Hi Wallace, the BAO is described as a "rare 3 knife model" -is that likely to be correct? - Ive not come across old Wadkins to have anything but 2 knife blocks and would surprised if its an option.


----------



## Morty (23 Feb 2022)

Do I see a 3 core cable feeding into the back of the machine on picture 4 ??? so could be a single phase feed + converter inside but no mention in description


----------



## RobinBHM (23 Feb 2022)

Morty said:


> Do I see a 3 core cable feeding into the back of the machine on picture 4 ??? so could be a single phase feed + converter inside but no mention in description


Yes, I thought that it was a 3 core cable in that image, but on image 1 it looks like there is 4 cores


----------



## Cozzer (23 Feb 2022)

Just my point of view....

95% feedback would've raised alarm number 1.
I would've clicked on the seller's feedback number, picked on the red negatives, and read them. I'd have also figured out what %age negatives to number of sales in the last month/6 months/year.
If the negs complained about lack of comms/item descriptions/seller's attitude, I'd have moved on, sharpish.


----------



## Distinterior (23 Feb 2022)

RobinBHM said:


> its listed as Colchester -North Essex, I guess



I'm in that area....PM me Robin if you think I could help....

Tim.


----------



## Jonm (23 Feb 2022)

RobinBHM said:


> many thanks -I fully agree I'm in the wrong for not asking questions beforehand.
> 
> I took the description of "good condition, no faults" at face value -since winning the bid, I was only after reassurance that was the case -I made it very clear to the seller that I was committed to buying subject only to confirmation about shipping.


It is easy to be wise after the event and it would have been better to ask the questions beforehand. However you are only asking for confirmation that the item is “as described” given the difficulty in returning it.

I have not read all the comments on here but someone on eBay tried to scam me with purchase of a rough terrain fork lift truck. Long way away, Scotland, all went pear shaped when I tried to arrange for an expert to inspect it prior to purchase.


RobinBHM said:


> I get the impression it’s the partners account given some of the items are dresses!


That is what I thought with the fork lift, turned out it was a stolen account.

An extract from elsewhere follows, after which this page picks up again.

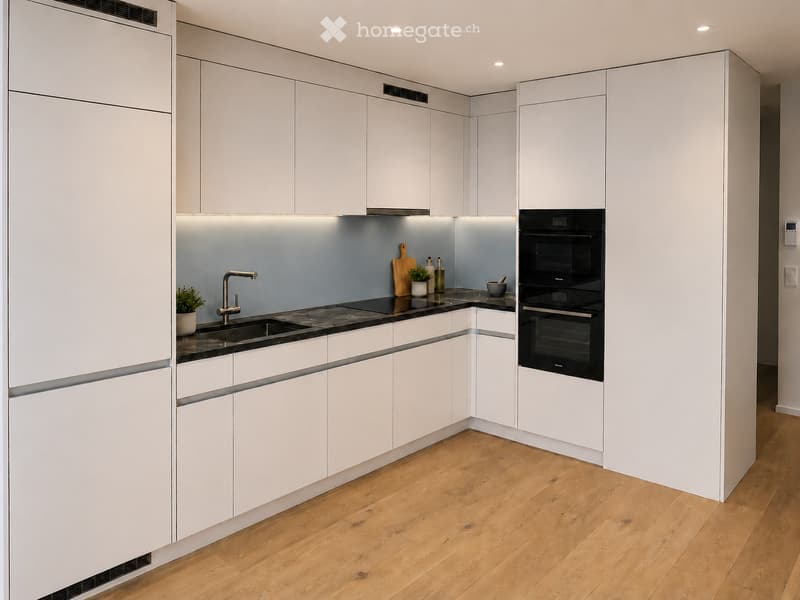 Modern kitchen with white cabinets, wooden flooring, and built-in appliances including a sink, faucet, oven, and countertop items.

So be careful, personally I would not part with that sort of money for something unseen either by myself or someone with knowledge of the machine.
Edit- looks like you have an offer from Disinterior, I would follow it up.


----------



## shed9 (23 Feb 2022)

Ask for an invoice and in that ask reiterate your previous request on the condition of the machine, you are merely asking them to confirm. Ask for a contact number and / or location details advising that you will explore your own collection as an option.

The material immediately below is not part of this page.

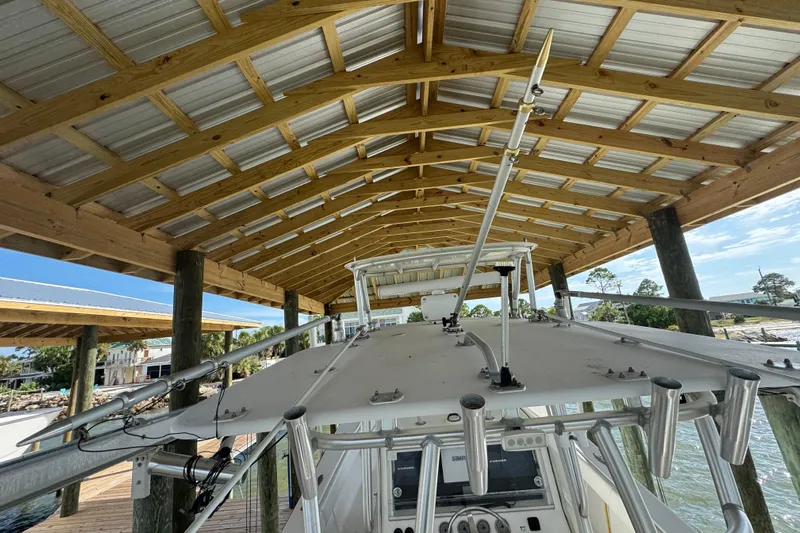  Yacht Photos Pics 2006 SeaVee 34 CC boat under wooden dock shelter, showcasing fishing rod holders.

Yes it should have been done before winning the bid but if this is a genuine seller the worst that will happen is he will be slightly irked but will probably understand. Use Ebay or paypal to pay, you will get a unique number /QR code from ebay to present to the seller when you collect. Maybe use a credit card in that payment chain to ebay or paypal for extra security (charge back). Do not share the QR code prior to collection, especially if the seller asks before then.

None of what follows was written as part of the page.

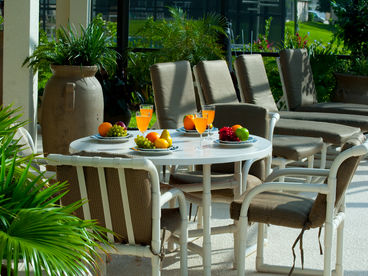 The perfect place to escape the morning sun with coofee or a juice and relax under the cooling fans with some light music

It is a pallet delivery, it states it in the description. I've had Ebay pallet deliveries in the past and it's been generally okay but that's been more luck than design. Personally I'd avoid hiring a van as without doing a site survey this is possibly a waste of time and money. Shifting >275kg from a strangers house and into a van is no easy feat. That said, if you turn up and there is a major issue in the description, easier to walk away and request your cash back.

Message ebay using the item number and specifically ask if this item is covered by their Money Back Guarantee. Have that conversation now and have it in chat, not verbally so you get the chat transcript. Technically it is eligible although if you use your own courier you are not covered.

You are perfectly within your rights to do what you feel prudent in parting with £1,200 of your own funds, especially if you are just looking for reassurance.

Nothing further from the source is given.